La bustina è in controtendenza.
Mentre siamo testimoni della recente impennata dei prezzi delle derrate agricole e dei prodotti alimentari sul mercato mondiale e delle conseguenze pesanti sui piccoli produttori, così come sui cittadini delle classi impoverite, si scopre che in termini reali, i prezzi del mercato mondiale del tè sono ancora molto inferiori a quelli del 1980.

SOMO, uno dei principali centri di ricerca e analisi sulle multinazionali, nel suo ultimo rapporto “Sustainability issues in the tea sector”, ha mostrato come prezzi bassi di acquisto ed alti costi di produzione, stiano scaricando “il rischio d’impresa” sulle raccoglitrici di tè di tutto il mondo, e come di conseguenza siano sotto pressione le condizioni di lavoro di intere comunità.
La nuova relazione di SOMO analizza le condizioni di lavoro nei sei più importanti paesi produttori di tè: India, Sri Lanka, Vietnam, Indonesia, Kenya e Malawi. I lavoratori di questi paesi rappresentano la maggioranza della forza lavoro coinvolta, inserita in un contesto di bassa sicurezza, scarsi salari, discriminazione etnica A questo si va ad aggiungere la carenza di acqua potabile e cibo, oltre che di un alloggio dignitoso.
Difficile migliorare le loro condizioni di lavoro, per la debolezza dei sindacati indipendenti, spesso discriminati, o perché le forme organizzate di rappresentanza dei lavoratori rimangono molto minoritarie, o ancora perché molti lavoratori del settore sono prrecari e temporanei, soprattutto le donne.

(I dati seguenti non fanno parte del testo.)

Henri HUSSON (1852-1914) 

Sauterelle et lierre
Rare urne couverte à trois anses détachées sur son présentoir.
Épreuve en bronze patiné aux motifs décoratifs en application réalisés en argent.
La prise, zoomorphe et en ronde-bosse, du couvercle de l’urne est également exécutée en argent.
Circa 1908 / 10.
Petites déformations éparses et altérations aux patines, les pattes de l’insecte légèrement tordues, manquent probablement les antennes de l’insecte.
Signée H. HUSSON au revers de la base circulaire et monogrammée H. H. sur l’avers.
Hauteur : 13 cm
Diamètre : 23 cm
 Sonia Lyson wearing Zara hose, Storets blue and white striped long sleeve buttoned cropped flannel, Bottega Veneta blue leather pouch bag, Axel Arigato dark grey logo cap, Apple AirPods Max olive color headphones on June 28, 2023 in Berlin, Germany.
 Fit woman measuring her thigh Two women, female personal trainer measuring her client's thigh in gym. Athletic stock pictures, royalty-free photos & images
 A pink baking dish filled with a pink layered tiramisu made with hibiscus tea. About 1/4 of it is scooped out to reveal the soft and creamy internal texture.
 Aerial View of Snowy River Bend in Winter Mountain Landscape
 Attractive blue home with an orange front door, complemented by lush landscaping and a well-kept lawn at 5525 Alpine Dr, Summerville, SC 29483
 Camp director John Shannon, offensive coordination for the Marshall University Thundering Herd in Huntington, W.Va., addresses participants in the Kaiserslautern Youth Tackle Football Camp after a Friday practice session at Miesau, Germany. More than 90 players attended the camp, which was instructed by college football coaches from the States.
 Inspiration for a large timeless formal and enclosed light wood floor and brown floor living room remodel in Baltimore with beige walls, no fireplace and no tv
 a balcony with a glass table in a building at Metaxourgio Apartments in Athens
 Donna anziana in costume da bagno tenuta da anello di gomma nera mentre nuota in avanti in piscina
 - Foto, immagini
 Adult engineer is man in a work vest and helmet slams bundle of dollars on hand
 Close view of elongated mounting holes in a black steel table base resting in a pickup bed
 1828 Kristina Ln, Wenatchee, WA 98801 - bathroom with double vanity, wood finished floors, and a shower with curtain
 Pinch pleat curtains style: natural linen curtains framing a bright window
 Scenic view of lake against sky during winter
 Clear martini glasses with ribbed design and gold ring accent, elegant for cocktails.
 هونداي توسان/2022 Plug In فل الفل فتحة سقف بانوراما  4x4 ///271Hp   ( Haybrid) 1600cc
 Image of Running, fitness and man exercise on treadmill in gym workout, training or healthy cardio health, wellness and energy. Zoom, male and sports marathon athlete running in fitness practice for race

Come per altre filiere, il commercio e la distribuzione del tè sono dominati da poche aziende internazionali, che riescono a controllare i settori a maggior valore aggiunto, oltre che il prezzo al dettaglio tenuto stabile. UNILEVER ( con i marchi LIPTON, PG TIPS), TATA TEA e SARA LEE (PICHWICK), sono i principali attori del mercato, che cercano di superare e aggirare la questione delle condizioni di lavoro, attraverso politiche di responsabilità sociale d’impresa, troppo spesso legate a esigenze di marketing e di fidelizzazione del cliente, più che a veri e propri interventi di miglioramento sociale e ambientale delle filiere produttive.
Il report di SOMO mostra come non sia così automatico che l’aumento dei prezzi agricoli porti beneficio ai produttori. E come i mercati borsistici siano progressivamente più sganciati dalla vita reale. E soprattutto come siano sempre più imprevedibili.